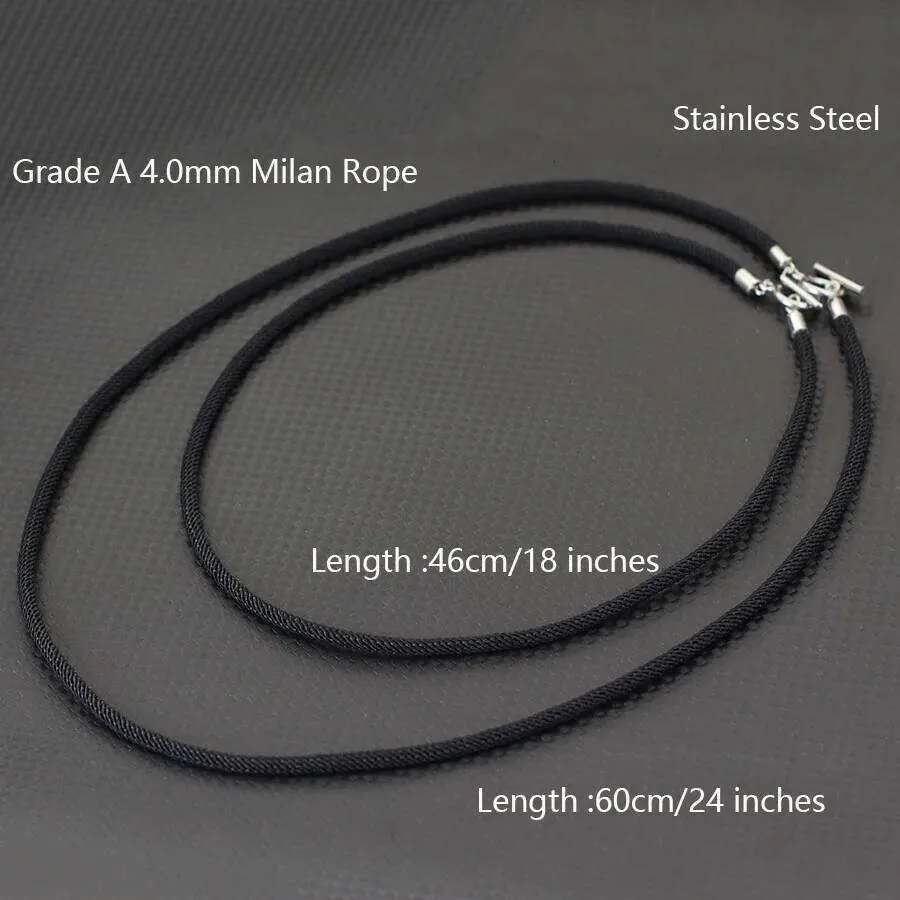 Men's Stainless Steel 4mm Milan Rope Torques Necklace with OT Buckle 18 ...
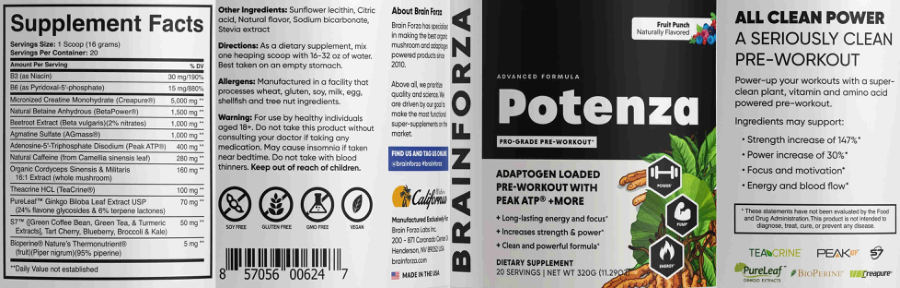 Official label of Brain Forza Potenza Fruit Punch (NIH DSLD #317976)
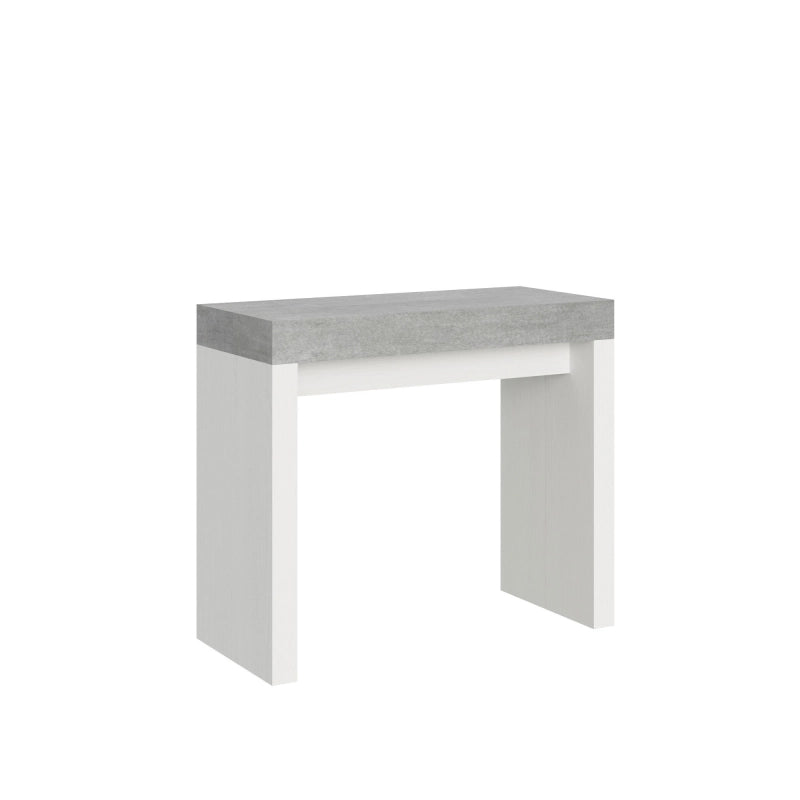 Consolle allungabile 90x40/196 cm Roxell Mix Small piano Bianco Frassino - Cemento/Bianco Frassino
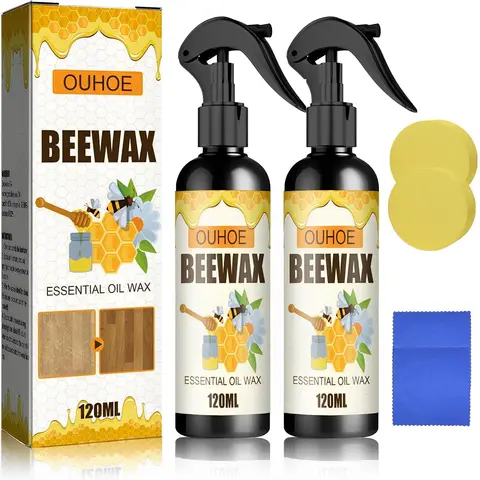 120ml Natural Beeswax Wood Care Spray - Spray Format Cleaning Solution, Hardwood Floor Polishes with Wax-Coat Finish, Interior Care Coating Agent for Cabinets, Tables & Household Quick Touchups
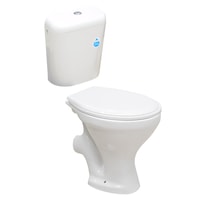 Set vas WC pe pardoseala cu rezervor Essential CIL + mecanism si capac polipropilena, evacuare laterala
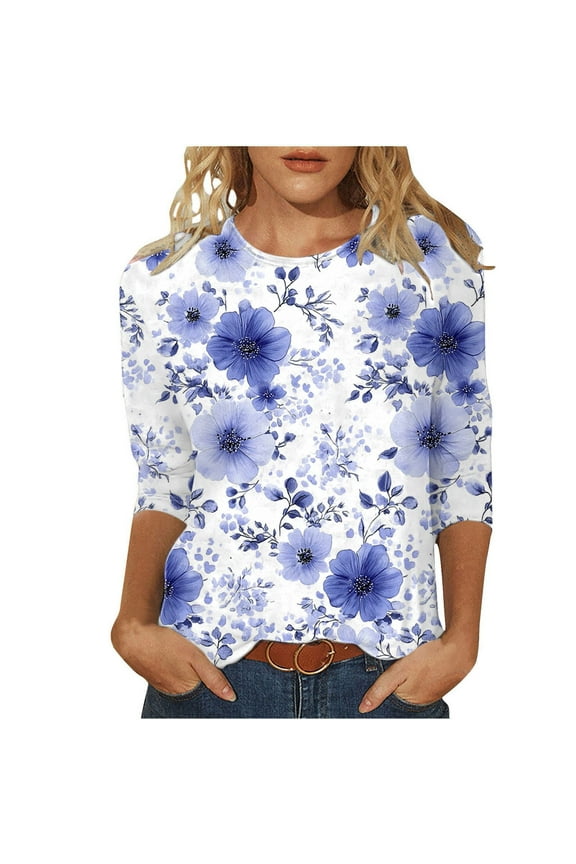 3/4 Length Sleeve T-Shirts for Women New Summer Clothing Tops Fashion Floral Print Shirts Women's Blouses Pullover Tops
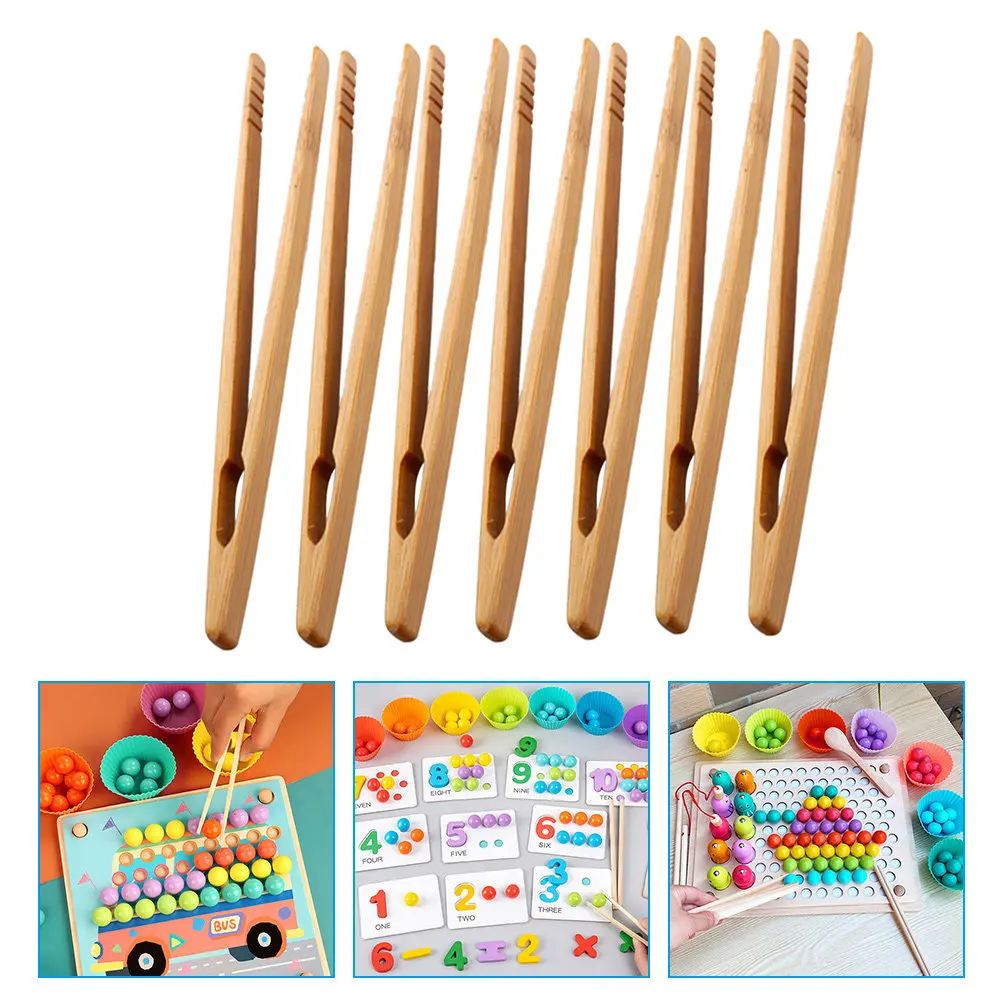 7Pcs Wooden Fine Motor Tweezers for Toddlers – Educational Learning Clips to Develop Kids’ Hand Skills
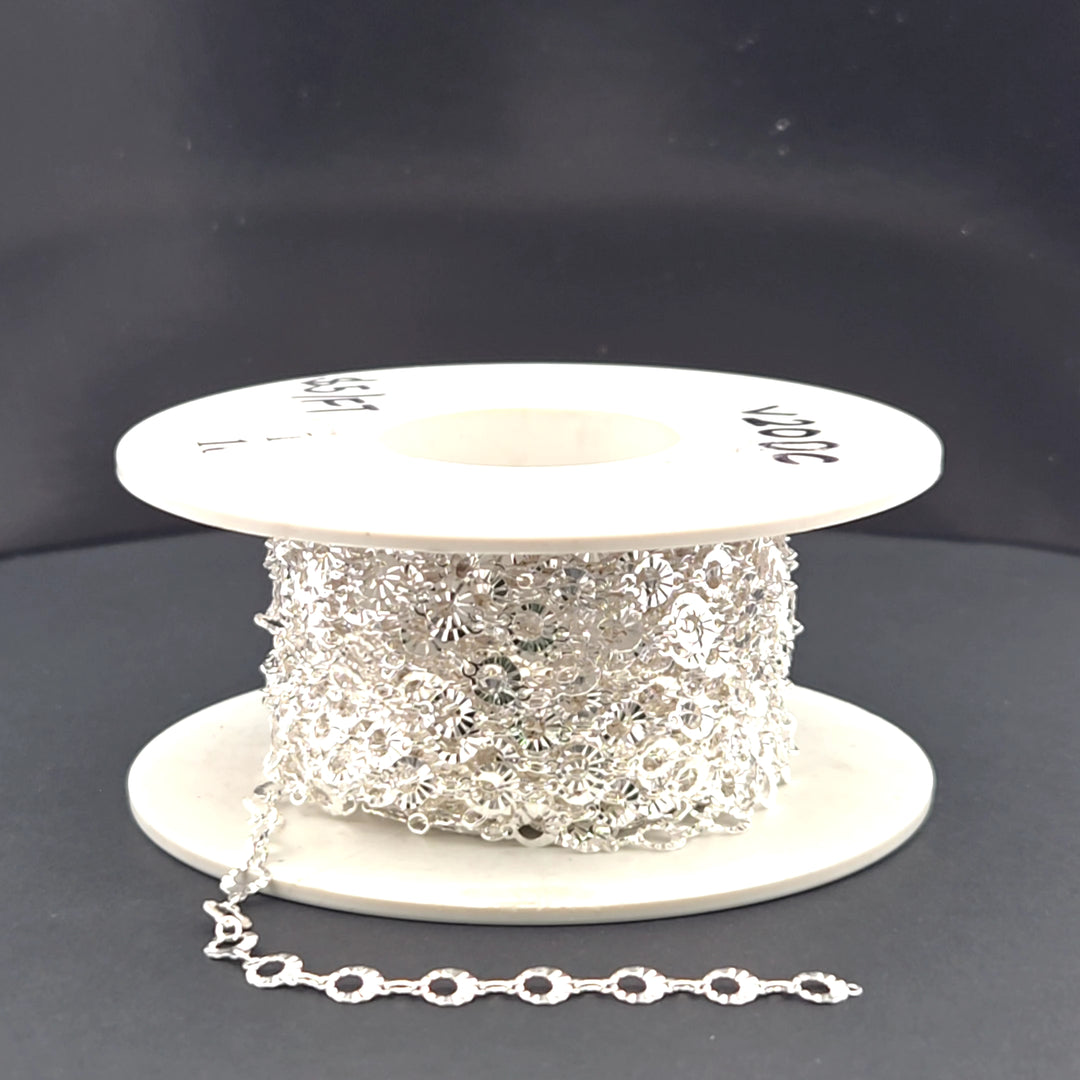 V20DCSS. Sterling Silver Diamond Cut Circle Link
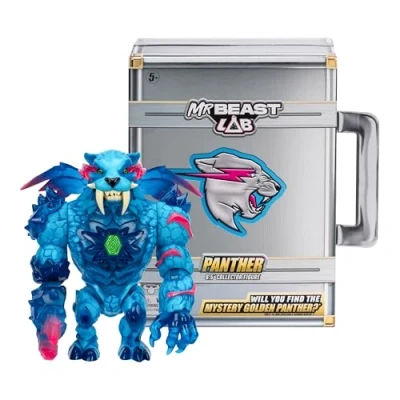 Afbeelding van MrBeast Lab Apex Beast Panther Collector Figuur, staand op 15,8 cm hoog, met extreme details, premium verpakking, 13 punten van articulatie en chomp kaak, 2 om te verzamelen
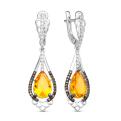 Серьги из серебра с кварцем цитрин и фианитами родированные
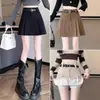 Falda corta de línea A para mujer, nueva falda plisada otoño/invierno 2026, de pana de cintura alta, con shorts anti-exposición, falda versátil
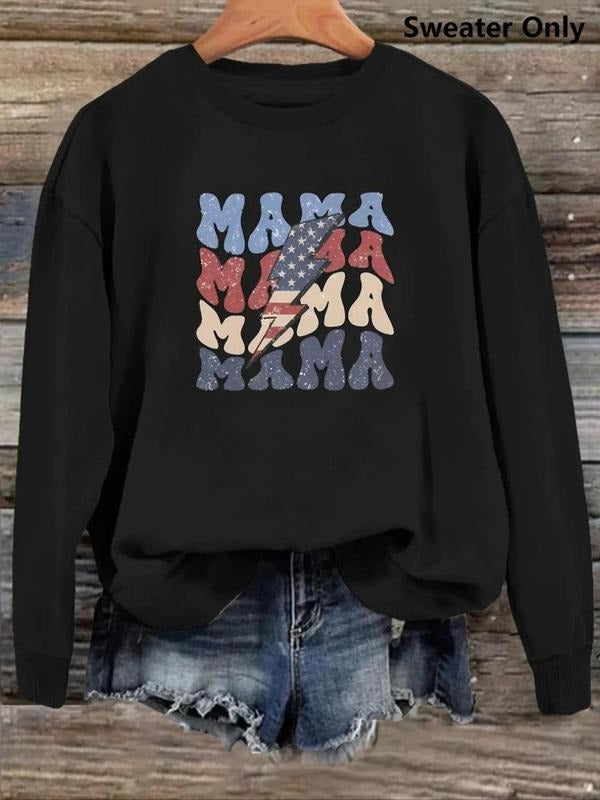 Women'WB shield Letter Print Drop Shoulder Sweatshirt, Casual Long Sleeve Round Neck Pullover, Ladies TNF For Daily Wear...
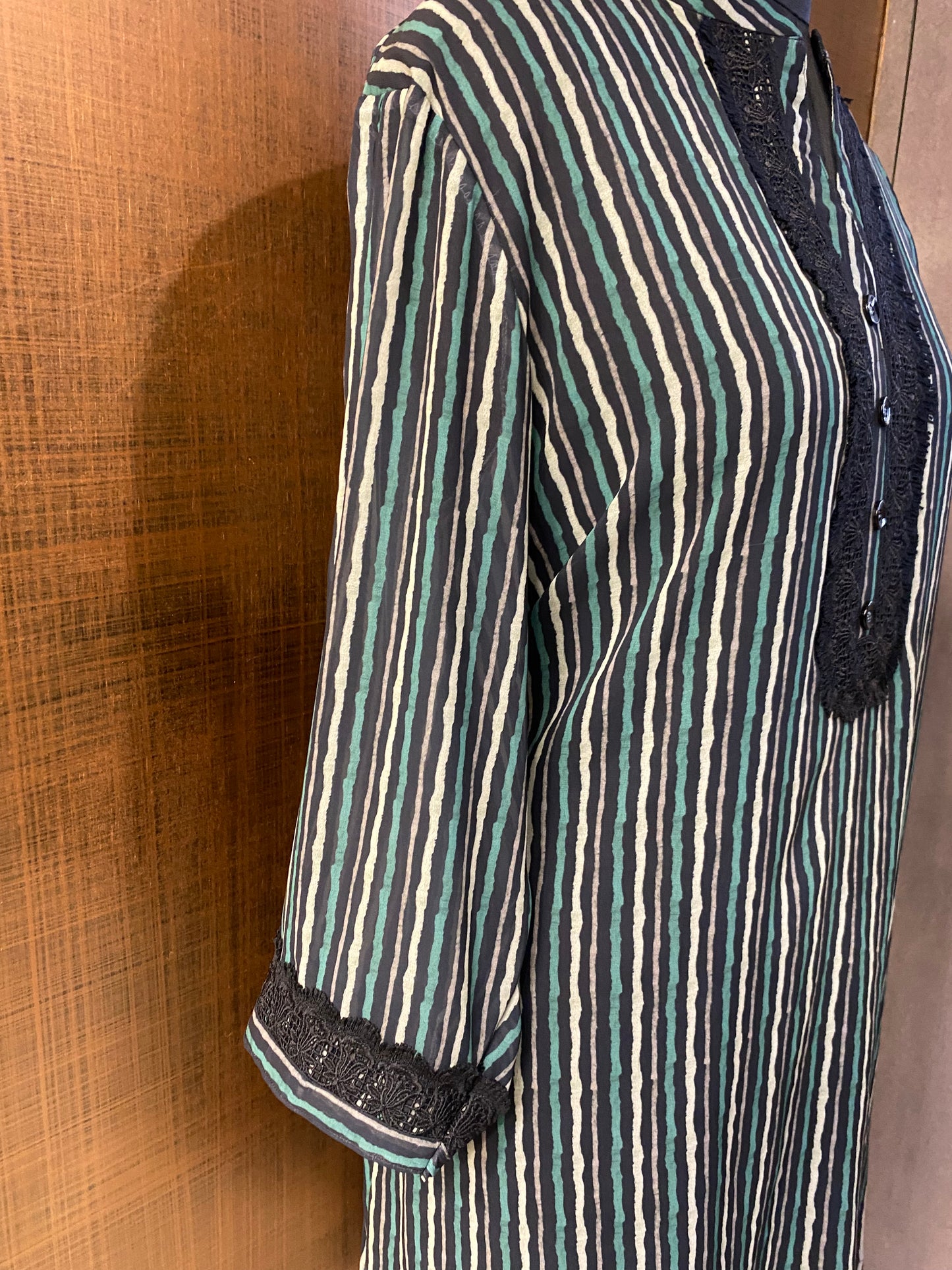 Black Georgette Kurti with Green & White stripes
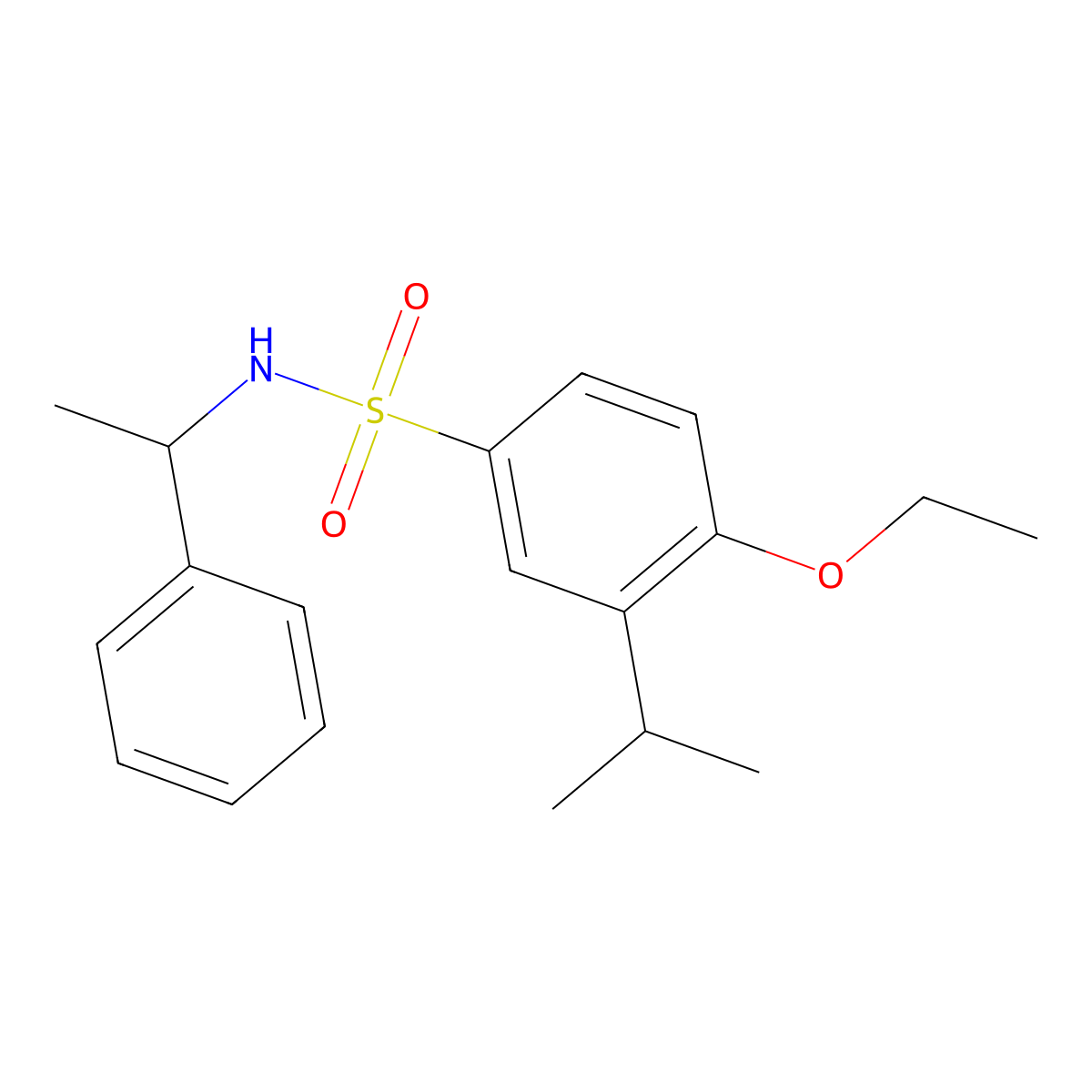 4-ethoxy-N-(1-phenylethyl)-3-(propan-2-yl)benzene-1-sulfonamide molecular structure, CAS 1206113-73-6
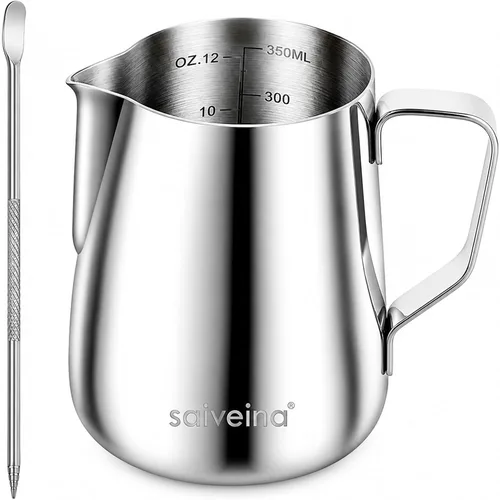 Vista 9 de Saiveina Jarra de espuma de leche, taza espumadora de leche de 12 onzas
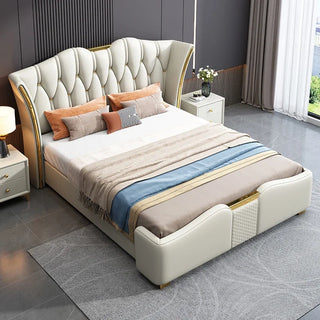 bed Luxury master room leather  modern simple 1.8m master room leather double wedding  1.5m tatami storage soft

□ □ □ □ □ □ □

What the exercise asks:
From the records above, copy only the lines running from the line containing "Set vas WC pe" to the line containing "3/4 Length Sleeve", both ends included. Leave the pictures out.

The answer:
 Set vas WC pe pardoseala cu rezervor Essential CIL + mecanism si capac polipropilena, evacuare laterala
 3/4 Length Sleeve T-Shirts for Women New Summer Clothing Tops Fashion Floral Print Shirts Women's Blouses Pullover Tops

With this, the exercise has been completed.